**Work instructions:**
Your task is to copy the data exactly while leaving out every picture.

**Provided data:**
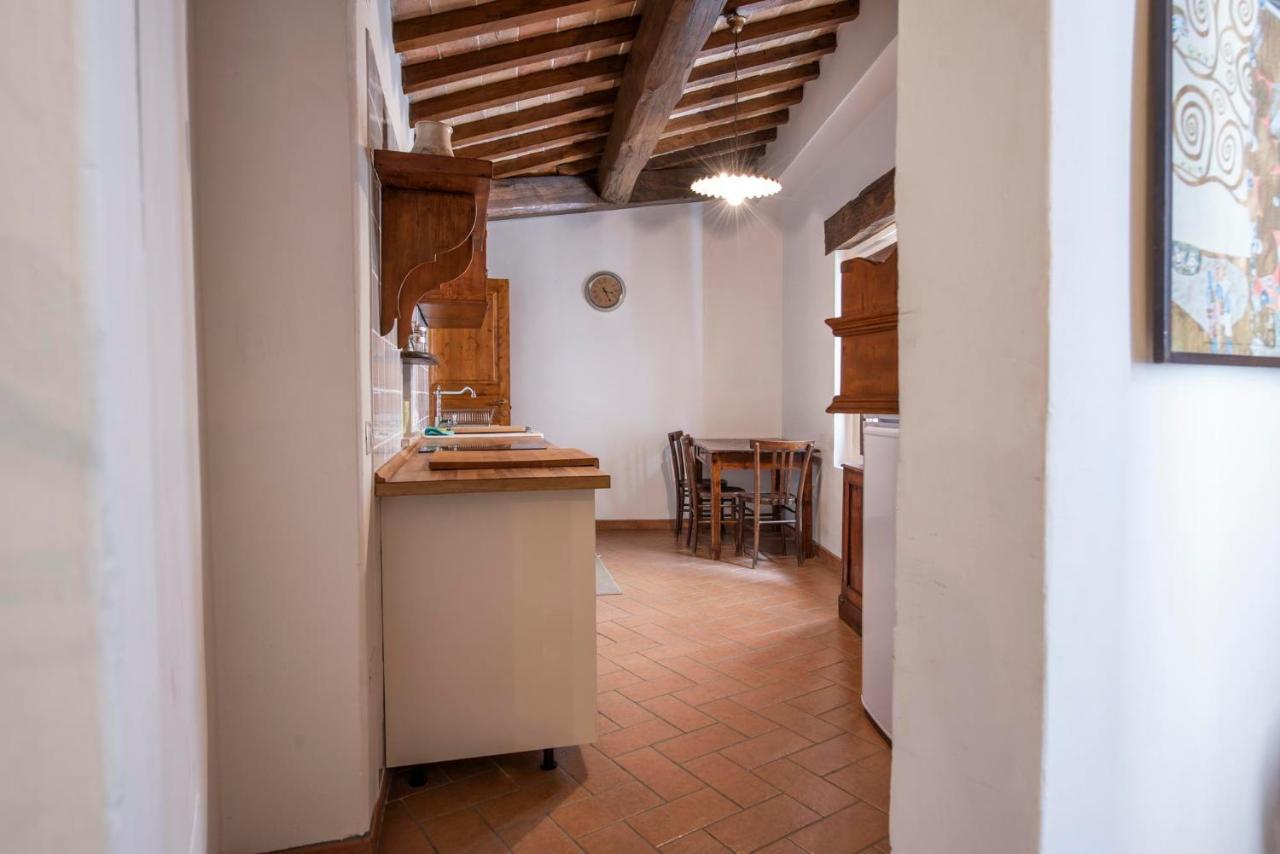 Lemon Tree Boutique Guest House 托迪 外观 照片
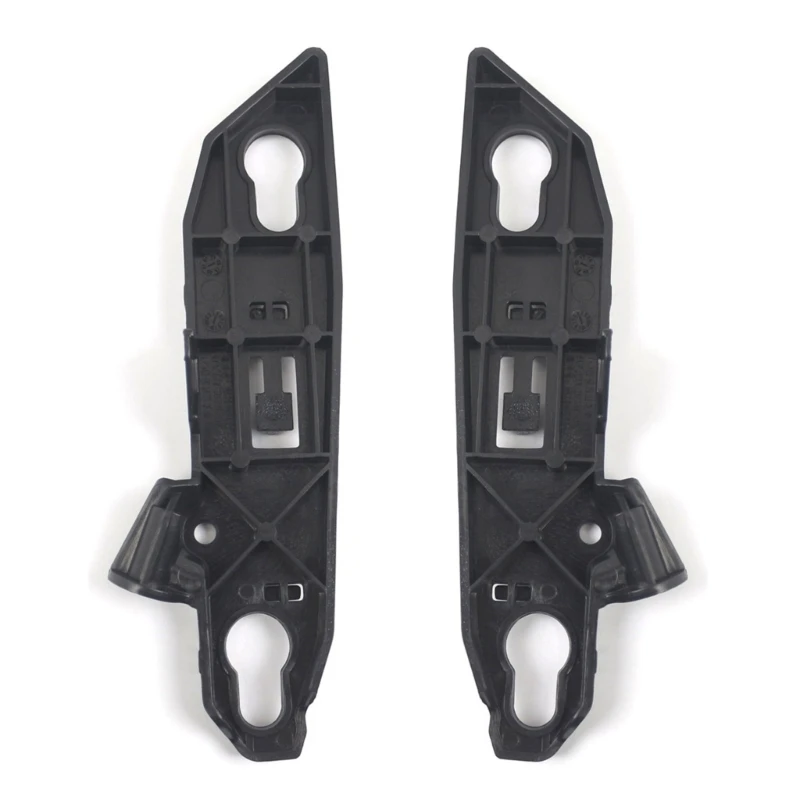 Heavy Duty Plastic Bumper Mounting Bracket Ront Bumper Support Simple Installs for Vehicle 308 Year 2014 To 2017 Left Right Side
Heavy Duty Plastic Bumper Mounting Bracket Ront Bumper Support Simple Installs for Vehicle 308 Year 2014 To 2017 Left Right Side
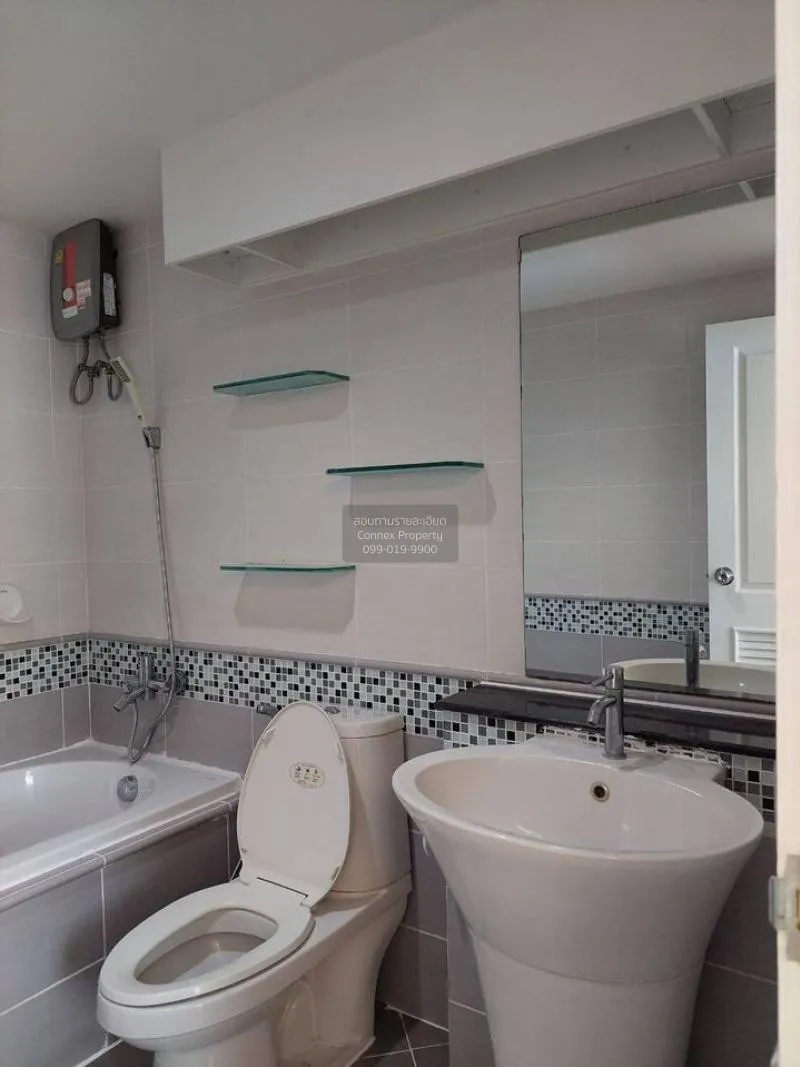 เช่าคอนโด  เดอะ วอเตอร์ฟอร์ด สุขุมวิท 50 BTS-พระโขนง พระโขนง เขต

**Written response:**
 Lemon Tree Boutique Guest House 托迪 外观 照片
 Heavy Duty Plastic Bumper Mounting Bracket Ront Bumper Support Simple Installs for Vehicle 308 Year 2014 To 2017 Left Right Side
Heavy Duty Plastic Bumper Mounting Bracket Ront Bumper Support Simple Installs for Vehicle 308 Year 2014 To 2017 Left Right Side
 เช่าคอนโด  เดอะ วอเตอร์ฟอร์ด สุขุมวิท 50 BTS-พระโขนง พระโขนง เขต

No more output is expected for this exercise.